By Brad Haire
University of Georgia
Asiatic soybean rust attacks a plant and defoliates it, severely reducing yields or killing the plant, said Bob Kemerait, a plant pathologist with the UGA College of Agricultural and Environmental Sciences.
"This rust is an impressive and aggressive disease that infects and produces spores very quickly," Kemerait said. "If it spreads, it could affect a large portion of the soybeans in the United States."
On the moveThe disease has been on the radar screen of the agricultural world for some time now. It has hurt soybean production in Asia, Australia and Africa. By 2000, it had jumped the Atlantic Ocean and landed in South America. It cost Brazilian farmers an estimated $1 billion in damage and control measures in 2003.
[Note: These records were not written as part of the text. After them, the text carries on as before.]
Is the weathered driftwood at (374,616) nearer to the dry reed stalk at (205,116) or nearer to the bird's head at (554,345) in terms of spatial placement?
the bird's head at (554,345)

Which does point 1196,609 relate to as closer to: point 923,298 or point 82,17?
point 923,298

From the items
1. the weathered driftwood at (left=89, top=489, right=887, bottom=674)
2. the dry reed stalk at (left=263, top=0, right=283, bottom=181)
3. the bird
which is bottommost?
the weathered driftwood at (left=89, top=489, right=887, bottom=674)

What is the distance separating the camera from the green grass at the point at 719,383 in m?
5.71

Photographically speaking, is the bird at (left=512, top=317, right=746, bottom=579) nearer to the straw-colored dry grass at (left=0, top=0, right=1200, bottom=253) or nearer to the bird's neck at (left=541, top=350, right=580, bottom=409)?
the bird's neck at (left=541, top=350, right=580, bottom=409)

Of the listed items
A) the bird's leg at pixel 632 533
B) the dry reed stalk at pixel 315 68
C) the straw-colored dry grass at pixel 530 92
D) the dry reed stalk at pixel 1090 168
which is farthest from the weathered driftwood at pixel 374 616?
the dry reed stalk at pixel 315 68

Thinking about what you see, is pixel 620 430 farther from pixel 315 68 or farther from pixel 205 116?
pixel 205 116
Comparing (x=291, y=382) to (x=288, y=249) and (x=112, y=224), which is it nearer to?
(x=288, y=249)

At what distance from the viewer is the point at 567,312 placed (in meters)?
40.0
"It went very quickly from not being a problem to being a major problem in Brazil in about two years," Kemerait said.
Asiatic soybean rust was reported last month to have jumped the equator into Colombia. Models predict it will keep moving north and eventually enter the United States, possibly through Mexico.
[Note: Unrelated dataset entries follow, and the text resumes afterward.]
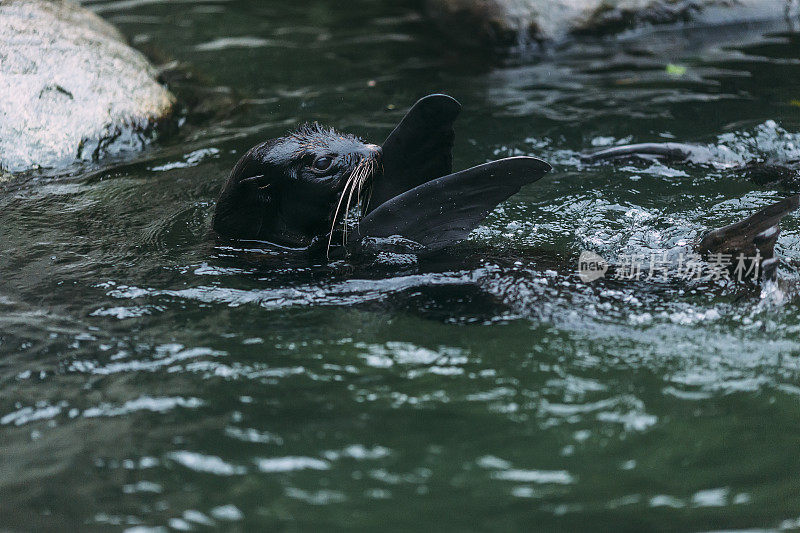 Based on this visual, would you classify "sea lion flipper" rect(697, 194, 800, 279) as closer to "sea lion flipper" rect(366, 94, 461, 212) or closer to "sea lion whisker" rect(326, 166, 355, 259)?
"sea lion flipper" rect(366, 94, 461, 212)

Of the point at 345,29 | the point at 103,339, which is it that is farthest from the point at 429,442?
the point at 345,29

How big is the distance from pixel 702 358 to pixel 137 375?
241 cm

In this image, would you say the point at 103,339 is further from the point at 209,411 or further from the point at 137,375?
the point at 209,411

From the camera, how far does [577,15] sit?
8227 mm

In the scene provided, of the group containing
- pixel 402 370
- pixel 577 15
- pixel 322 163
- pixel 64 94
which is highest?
pixel 577 15

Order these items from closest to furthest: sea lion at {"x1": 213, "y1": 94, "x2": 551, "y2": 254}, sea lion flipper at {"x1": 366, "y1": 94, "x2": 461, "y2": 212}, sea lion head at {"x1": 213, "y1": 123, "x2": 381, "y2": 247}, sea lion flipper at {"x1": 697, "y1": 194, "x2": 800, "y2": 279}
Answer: sea lion flipper at {"x1": 697, "y1": 194, "x2": 800, "y2": 279}, sea lion at {"x1": 213, "y1": 94, "x2": 551, "y2": 254}, sea lion head at {"x1": 213, "y1": 123, "x2": 381, "y2": 247}, sea lion flipper at {"x1": 366, "y1": 94, "x2": 461, "y2": 212}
A storm like Hurricane Ivan, which skimmed the coast of South America earlier this week, could pick it up and give it a much quicker airlift, he said.
Handle at a costNo soybean varieties are resistant to this rust. But fungicides can control it, Kemerait said. Soybeans are a higher-value crop in the Midwest. So farmers there protect them with fungicides. Georgia growers usually don't spray fungicides on soybeans. But this would have to change if this disease entered the state.
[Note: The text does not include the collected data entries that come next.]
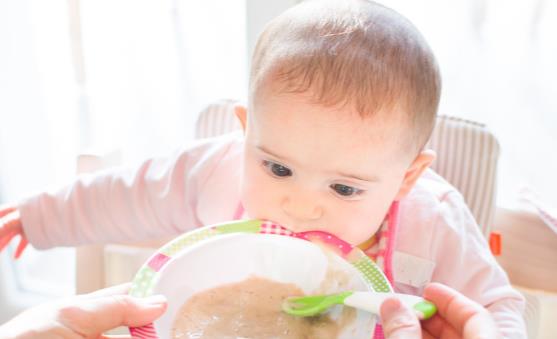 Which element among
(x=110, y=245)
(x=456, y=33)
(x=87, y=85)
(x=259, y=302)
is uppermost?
(x=456, y=33)

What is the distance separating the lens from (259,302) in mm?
692

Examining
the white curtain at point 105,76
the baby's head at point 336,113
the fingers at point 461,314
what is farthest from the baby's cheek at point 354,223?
the white curtain at point 105,76

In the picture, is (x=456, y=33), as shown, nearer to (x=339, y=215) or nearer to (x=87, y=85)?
(x=339, y=215)

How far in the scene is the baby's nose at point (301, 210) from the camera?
2.32 feet

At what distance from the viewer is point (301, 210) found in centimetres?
71

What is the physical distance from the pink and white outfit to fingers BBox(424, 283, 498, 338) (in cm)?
12

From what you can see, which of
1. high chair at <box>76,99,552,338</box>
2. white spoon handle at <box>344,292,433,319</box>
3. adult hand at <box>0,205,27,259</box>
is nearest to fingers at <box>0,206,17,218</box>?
adult hand at <box>0,205,27,259</box>

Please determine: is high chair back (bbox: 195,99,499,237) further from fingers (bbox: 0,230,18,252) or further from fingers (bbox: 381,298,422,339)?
fingers (bbox: 0,230,18,252)

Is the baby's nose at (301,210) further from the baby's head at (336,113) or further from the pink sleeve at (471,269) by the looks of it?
the pink sleeve at (471,269)

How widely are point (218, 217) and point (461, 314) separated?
1.27 feet

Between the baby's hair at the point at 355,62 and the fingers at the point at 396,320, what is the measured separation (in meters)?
0.20

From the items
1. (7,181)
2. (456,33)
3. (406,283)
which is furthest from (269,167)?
(7,181)

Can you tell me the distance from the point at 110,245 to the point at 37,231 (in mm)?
170

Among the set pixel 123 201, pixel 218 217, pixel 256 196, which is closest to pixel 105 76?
pixel 123 201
"There's no doubt we can handle Asiatic soybean rust in America," he said. "The concern is how much additional production cost will it take."
Kemerait, UGA plant pathology department head John Sherwood and Extension Service soybean agronomist Phil Jost met this summer with representatives of the U.S. Department of Agriculture Animal and Plant Health Inspection Service and the Georgia Department of Agriculture to form a first-response plan for Georgia.
UGA Extension Service county agents, along with other farm experts in the state, will train to identify and respond to the disease when it arrives.
Asiatic soybean rust has at least one natural flaw that will help U.S. growers. It's a tropical disease. Freezing temperatures kill it. It could spread in the United States during the summer, but it will have to fall back during winter to places that don't freeze, such as south Florida and Texas.
But once it gets to the United States, it will probably stay. "We won't eradicate this disease when it gets here," Kemerait said. "We'll just have to contain and control it."
Other major Georgia crops aren't at risk to the disease. But one of Georgia's most infamous plants, kudzu, could be in trouble. The disease attacks and defoliates kudzu much as it does soybeans, Kemerait said.
Georgia farmers grew about 250,000 acres of soybeans this year, about 60,000 more than in 2003.
(Brad Haire is the former news editor with the University of Georgia College of Agricultural and Environmental Sciences.)